Non seulement ce chiffre est ridicule, mais il n'est pas actualisé. Or chaque congrégation religieuse a un empire immobilier qui ne cesse de s'étoffer.
A Rome, dix mille testaments sont rédigés chaque année en faveur du clergé. Les estimations non officielles font un état d'un trésor impressionnant: 115.000 immeubles, 9 000 écoles et plus de 4 000 hôpitaux et centres sanitaires.

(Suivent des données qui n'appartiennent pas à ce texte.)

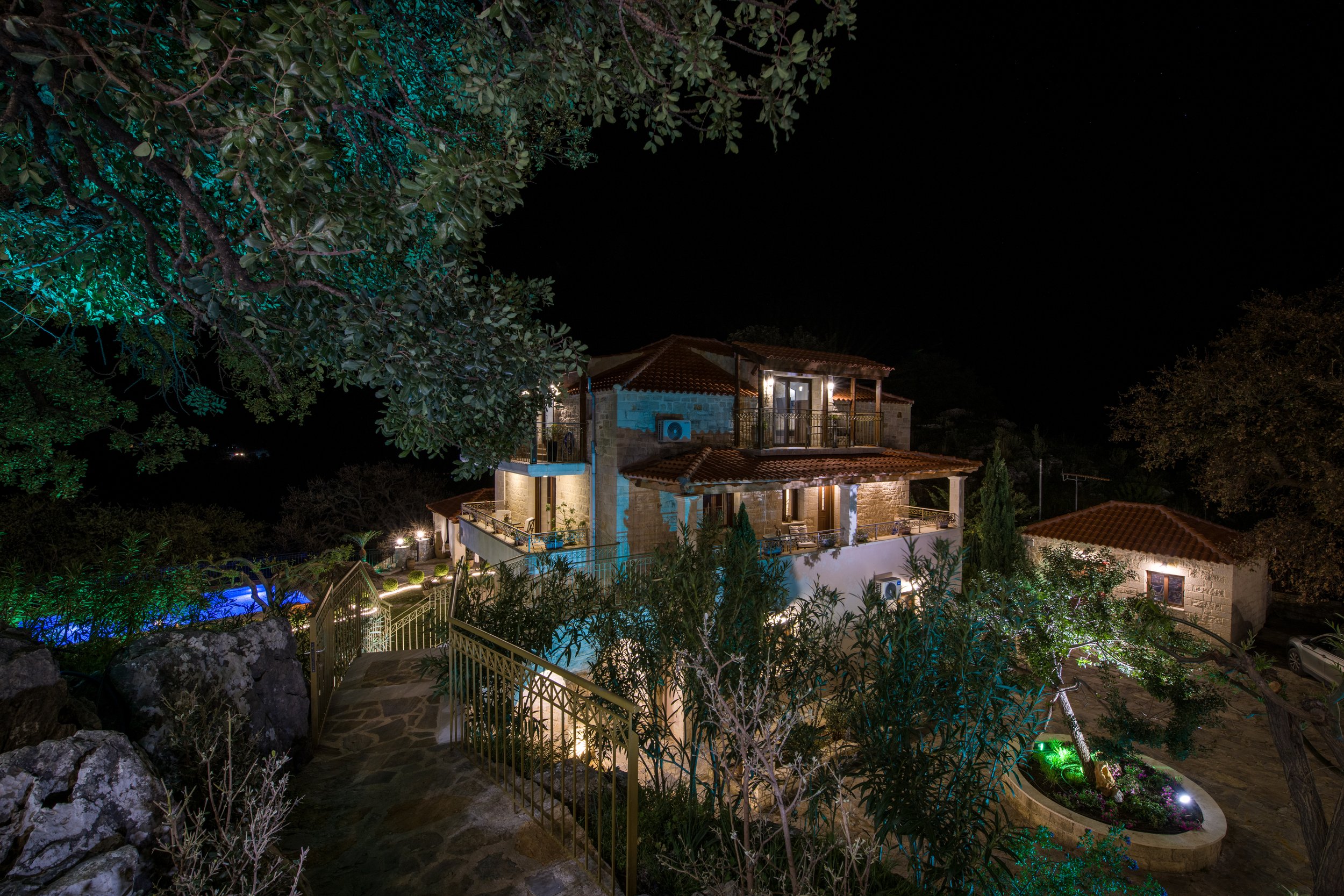 Mediterranean-style villa with stone walls, illuminated at night, surrounded by trees and plants. A stone path and railings lead to the main entrance.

Cadeaux fiscaux de Berlusconi
Rien que dans la Cité éternelle, le Vatican détient 23.000 terrains et immeubles, 20 maisons de repos, 18 instituts de soins et 6 hospices. A titre d’exemple, le patrimoine de Propaganda Fide, la congrégation pour l’évangélisation des peuples, pèse quelques 9 milliards d’euros. Des immeubles cossus situés en plein centre de Rome comme le magnifique palais qui nargue la Place d’Espagne.
Laissez venir à moi les petits sous. Une maxime que le Vatican applique à la lettre grâce au soutien des gouvernements italiens. Pour faire plaisir au Saint Siège, le gouvernement Berlusconi avait exempté d’impôt tous les immeubles appartenant aux instituts "no-profit" en 2005. Une loi qui favorise les 214 maisons de vacances recensées par la fédération des hôteliers italiens dont le chiffre d’affaires annuel frôlent les 700 millions d’euros.
Business is business
Il ne faut également pas oublier le très lucratif business du tourisme religieux qui fait tomber 4 milliards d’euros chaque année dans les caisses du Vatican. Pour augmenter ce chiffre d’affaires, de nombreux couvents et séminaires ont été reconvertis en hôtels ou découpés en appartements dont la vente et la location génèrent des centaines de milliers d’euros.
Un peu de générosité envers l'Etat italien lourdement endetté, ne serait-ce que quelques malheureux milliards, seraient la preuve que l'Eglise sait, quand il le faut, se détacher des contingences bassement matérielles.